# 2010 Sram Force front derailleur problems



## penn_rider (Jul 11, 2009)

I have 2010 Sram Force and I (we) can't get the FD to keep from rubbing on the bottom half of the cassette. It has been back to the shop twice and still no luck. I have also noticed that the trim feature in the shifter only actuates when in the large chain ring, there is not a trim position while down in the small chain ring. Would the FD need a different set up from last year because of this? It is driving me nuts.....


----------



## alias33 (Sep 15, 2008)

thw trim is only for the large chain ring, try angling out the cage a bit to get rid of the rub


----------



## -dustin (Jan 11, 2009)

Proper alignment cures most of the rubbing in the little chainring. will still get some in the smallest cog, and perhaps the next.

and, as stated, trim is only in the big ring.


----------



## penn_rider (Jul 11, 2009)

Well,, of course proper alignment will cure most of the rubbing, but why is it hard if not an absolute pain to be done properly (If their is a proper way to do it)? I would think that the design should not have any rub, but that is my way of thinking. I have no rub on 8 year old campy daytona 10 speed. 2010 tech should be better, no? Maybe I am asking too much..


----------



## Double-Tap (Mar 11, 2009)

There should be a tapered shim available to pull the tail of the FD off the chainring.

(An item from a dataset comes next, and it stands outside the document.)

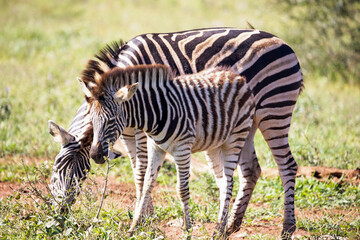 Fototapeta na wymiar Beautiful zebra cub with her mother walking in the African savannah of South Africa, these herbivorous animals are often seen on wildlife safaris.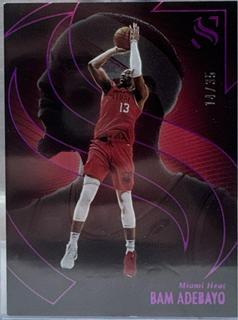 Bam Adebayo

Check with your dealer.


----------



## Dustin4931 (Sep 21, 2009)

*Problems Aligning Sram Force 2010 Rear Derailleur*

Problem solved...


----------



## AvantDale (Dec 26, 2008)

I'm on week three of my Force setup. The first week I was getting chain suck and my rear was randomly skipping a tooth.

After a return trip to the bike shop...all is running smooth now. I don't rub when I cross chain either.

The mechanic maybe needs to actually ride the bike to get a feel for it. Mine took my bike for a spin...I can tell...the seat was jacked way up. :lol:


----------



## mgreen11 (Mar 31, 2010)

Dustin4931 said:


> I just bought the new Sram Force 2010 group and I've already been back to my LBS 3 times in the last 5 days to get the 8th gear (my cassette is 11-28) to stop "jumping" when I put a load on it in either the big or small ring (compact crank). It's not actually changing gears, the chain is just "jumping" off the cassette long enough for me to lose my momentum. Really frustrating. My LBS keeps assuring me it's a cable tension issue, but I can't figure out why they can't get this to work properly. What a pain.
> 
> The rest of the gears work perfectly. Well, almost. Like the other post I read, I can't get rid of the rub on the front derailleur in the little chain ring either when I'm trying for the 8th, 9th or 10th hardest gears. My understanding from the reviews I've read is that I should be able to get at least gear 8 and 9 to work without rubbing. Arg. Never had these problems -- EVER -- with my Ultegra system. Wondering if I made a mistake in upgrading.
> 
> Anyone having the same problem?


Dustin,
My brand new Neuvation f100 w/ Rival had a small jump going on. Couple spins of the barrel adjuster on the rear derailleur and it's flawless. 

Basically, every couple rotations of the crank, the chain would grab a bigger cog in the rear, and lift, but never go into that gear.

Mike


----------



## Dustin4931 (Sep 21, 2009)

Hey Mike, 
Thanks. Solved that problem as well. When I bought it, the bike didn't come with a SRAM chain and the quick link used wasn't quite the same size as the other links. Removed the quick link and pinned the chain and everything worked perfectly.
Dustin


----------